Operating System - OpenVMS
1752616 Members
4277 Online
108788 Solutions
New Discussion юеВ

TCPIP services do not always react

 
Willem Grooters
Honored Contributor

TCPIP services do not always react

Customer problem....
two VMS machines, not clustered. Both VMS 7.1-2, machine A TCPIP 5.0A ECO1, machine B TCPIP 5.1
On machine A services a number of external applications. Actually, it's the same commandprocedure, the same user for each, accessing the same data, but on behalf of different systems (Unix, Windows). A third instance services requests from an application on machine B. These three services are (of course) on different ports: on 3011 (S1), 3012 (S2) and 3013 (S3) and have different processname; each has a limit of 15.
The rpogram starting behind it will keep the session opened, and will handle each subsequent request.
S1 has been activated a total of 12 times, S2 the full 15. So I have 12 times a process named S1_, 15 times S2_, all active for days.
However, process S3 can only be invoked a 2-3 times, but the next one will not even produce a logfile. The process (on system B) that tries to access this service gets some error on return.
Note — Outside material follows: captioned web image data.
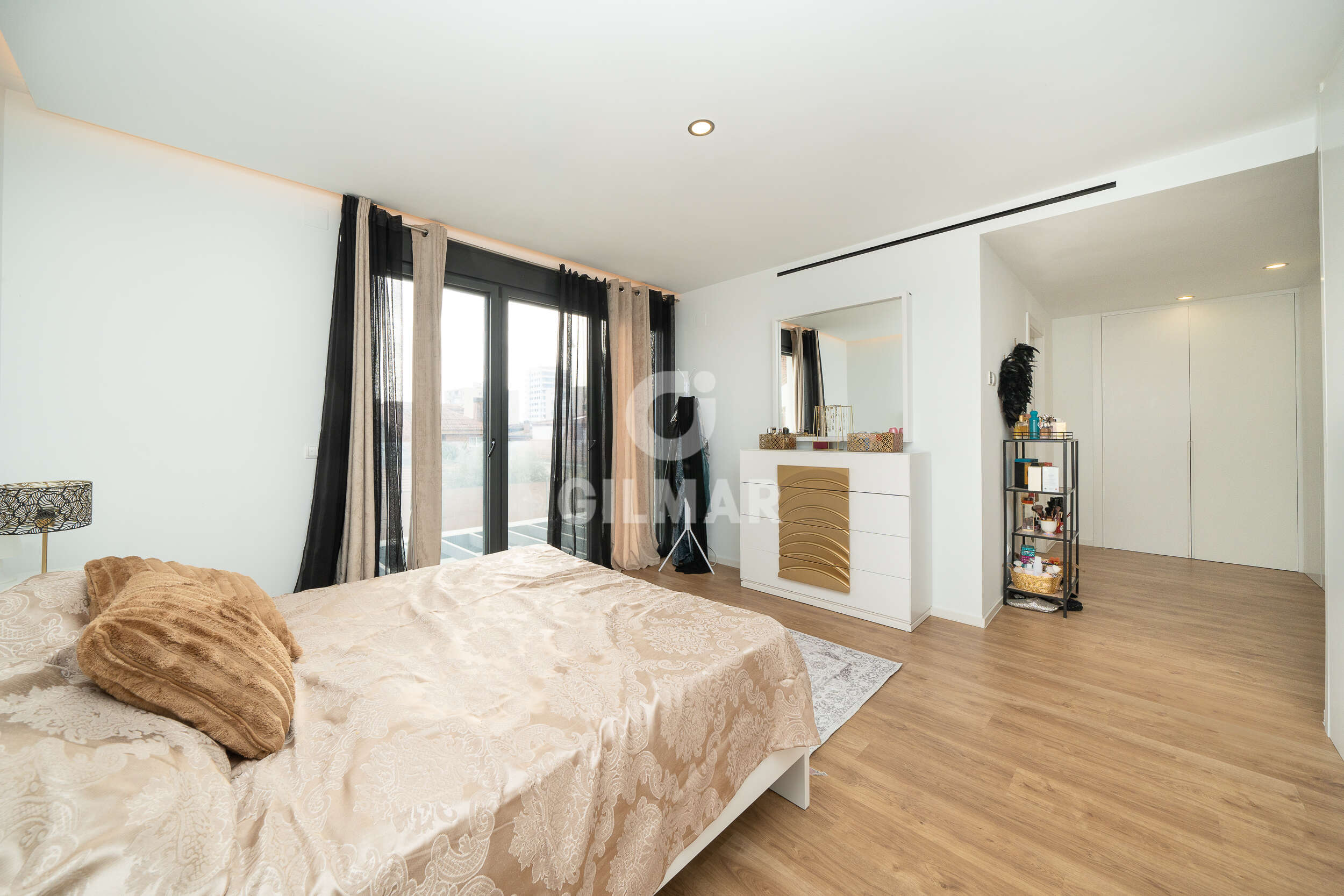 Photo of Apartment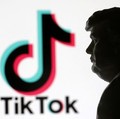 Donald Trump Punya Rencana Baru untuk Caplok TikTok di Amerika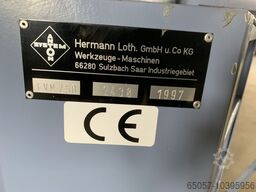 Anton System EVM 250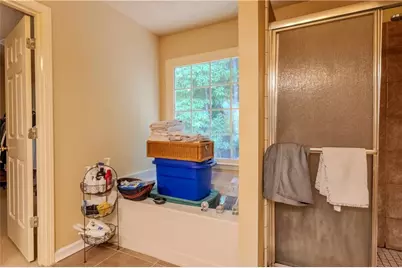 3955 Longlake Drive, Duluth, GA 30097 - Photo 29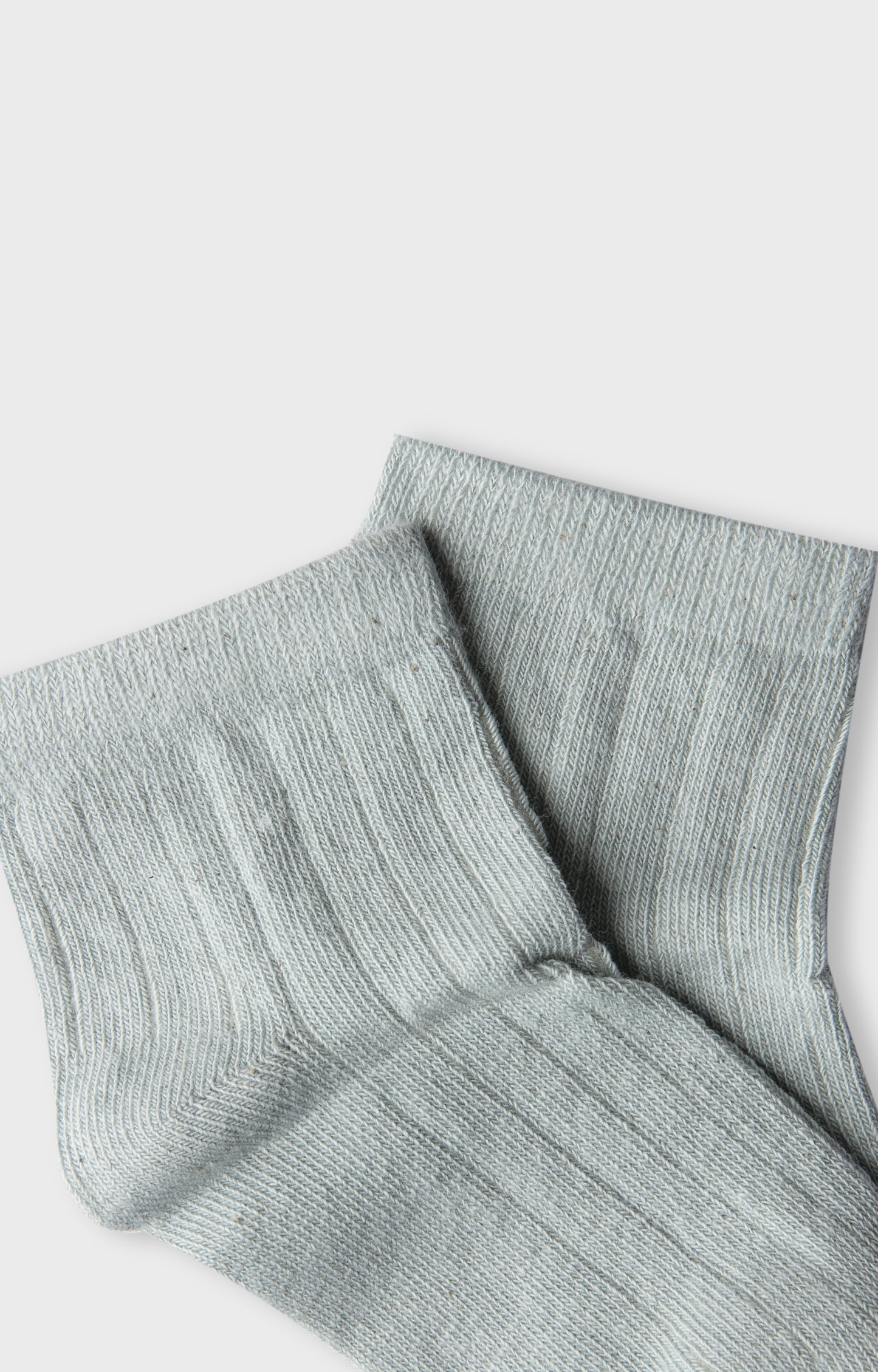 Boys Multicoloured Socks (2 Pairs)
For what reason, I cannot tell (at least: for now, since the program needs to be altered for that). But giving the error and the fact that the service on system A does not produce ANY logging, I conclude that the service isn't even started.
The question is why. Since it DOES work appearently (S1 and S2 DO run, and S3 does for some seeions at least) there must be something that limits the ability for opening extra channels. But where?
Willem Grooters
OpenVMS Developer & System Manager
19 REPLIES 19
Lokesh_2
Esteemed Contributor

Re: TCPIP services do not always react

Hi ,

Check MAXPROCESSCNT sysgen parameter. May be system has reached that value.

Thanks & regards,
Lokesh
What would you do with your life if you knew you could not fail?
Lokesh_2
Esteemed Contributor

Re: TCPIP services do not always react

Or check for maximum no. of ucx device sockets :

$ucx sho comm


hope this helps,
Lokesh
What would you do with your life if you knew you could not fail?
Antoniov.
Honored Contributor

Re: TCPIP services do not always react

Hi Willem,
sorry to can't help you; I only can encourage and I try give you a clue: some service on VMS have limitated connection; for example, if you type TCPIP SHOW SERVICE /FULL you can see limit: nn where nn is the max telnet connection to server. I'm happened on my customer this value were 3 and the 4th PC cannot log in without any error in any log.
Your trouble sounds like this limitation; look at your service characteristic to discover limit value.
Bye
Antoniov
Antonio Maria Vigliotti
Willem Grooters
Honored Contributor

Re: TCPIP services do not always react

Lokesh:
MAXPROCESSCNT is big enough. It _could_ be the limit, but when I asked it had just happened again, MAXPROCESSCNT is over 1200 and number of processes as that moment was less than 600.
Numnber of sockets _could_ be a problem, just look at attachment (most likely happening on NODE3 - the requestor). But how to increase it? I dug into the documentation but didn't get a clue...
Antonio:
/LIMIT is not the point. It happens if way below that number....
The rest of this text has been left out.